The number of cases attributable to EMF can be estimated by multiplying the AF by the total number of cases. The exposure distributions used to come up with country-specific AFs represent only a handful of countries across the world. We had exposure distributions, and hence AF estimates, for countries in North America, Europe, and Asia. To calculate a range of estimates for the attributable number (AN) for each continent, we used the lowest and highest estimates of AFs in each continent and multiplied each by the total number of leukemia cases in the continent to come up with a range of ANs. We used the corresponding CIs of the AFs to compute a derived 95% CI for the estimated number of cases. Where there were no studies from any representative country in the continent, such as Africa, Latin America, and Oceania, the overall lowest AF and highest AF estimates were used. Note that the Yang et al. (2004) study, which is based on a larger sample and considered more representative for non-Western regions, was used to calculate an upper range for regions with unknown levels (Latin America, Africa, Oceania).

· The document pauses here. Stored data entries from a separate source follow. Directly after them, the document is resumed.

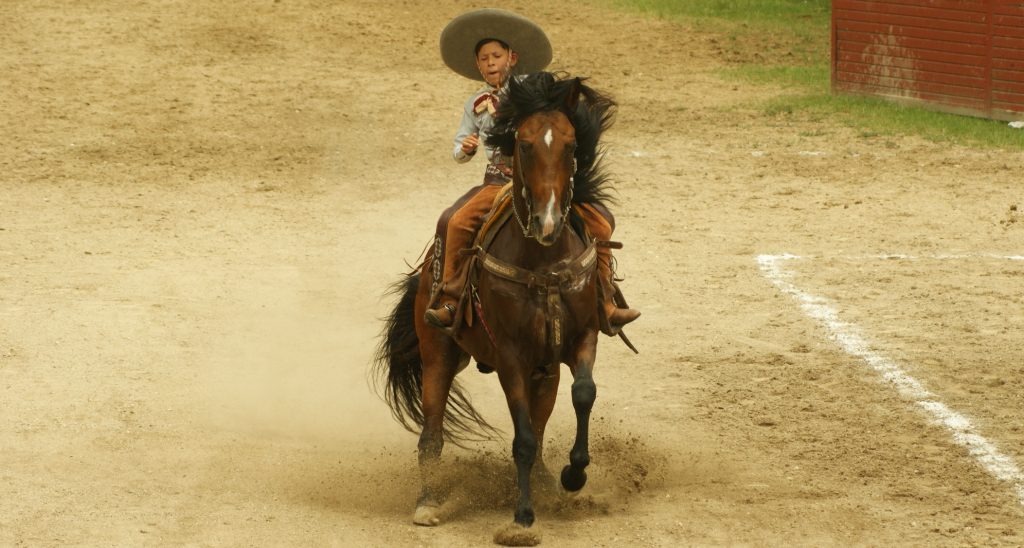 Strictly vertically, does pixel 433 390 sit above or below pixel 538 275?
below

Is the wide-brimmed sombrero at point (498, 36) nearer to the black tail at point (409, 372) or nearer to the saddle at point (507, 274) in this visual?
the saddle at point (507, 274)

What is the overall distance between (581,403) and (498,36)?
6.49 feet

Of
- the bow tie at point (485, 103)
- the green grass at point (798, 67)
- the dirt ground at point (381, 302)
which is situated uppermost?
the bow tie at point (485, 103)

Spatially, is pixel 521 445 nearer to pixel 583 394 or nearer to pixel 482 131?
pixel 583 394

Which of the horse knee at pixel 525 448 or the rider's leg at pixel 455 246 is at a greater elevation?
the rider's leg at pixel 455 246

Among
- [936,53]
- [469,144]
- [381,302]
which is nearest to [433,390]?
[469,144]

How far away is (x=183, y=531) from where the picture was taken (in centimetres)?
642

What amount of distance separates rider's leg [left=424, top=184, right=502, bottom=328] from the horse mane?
0.45 meters

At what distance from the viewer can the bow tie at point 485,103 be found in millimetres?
7016

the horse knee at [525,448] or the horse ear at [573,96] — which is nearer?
the horse ear at [573,96]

Exposure reduction scenario. The AN numbers for high exposures are the numbers of cases that would be averted if we were to eliminate exposures > 0.3 µT or 0.4 µT. However, realistically, it is difficult or impossible to determine locations in which such exposures exist and to eliminate them. An alternative approach might be an attempt to reduce exposures where possible to do so at no or low cost (Kheifets et al. 2005a).
To evaluate this approach, we estimated the impact of a hypothetical scenario where the population's exposure distribution is reduced by 50%; in other words, each child receives half the exposure he or she was previously getting. A new exposure distribution was calculated to reflect this change. Because the empirical distribution of exposure measurements does not offer enough information to estimate a distribution shift, we created a calculated log-normal distribution based on the mean, standard deviation, and lowest observed value (0.01 µT). This type of detail was available for only one of the distributions (EMF Rapid Program 1998). Hence, our calculated distribution and estimates of exposure reduction are made only for the United States. To make the current and 50% reduction scenarios more comparable, we based both computations on the calculated, rather than the actual, log-normal distribution.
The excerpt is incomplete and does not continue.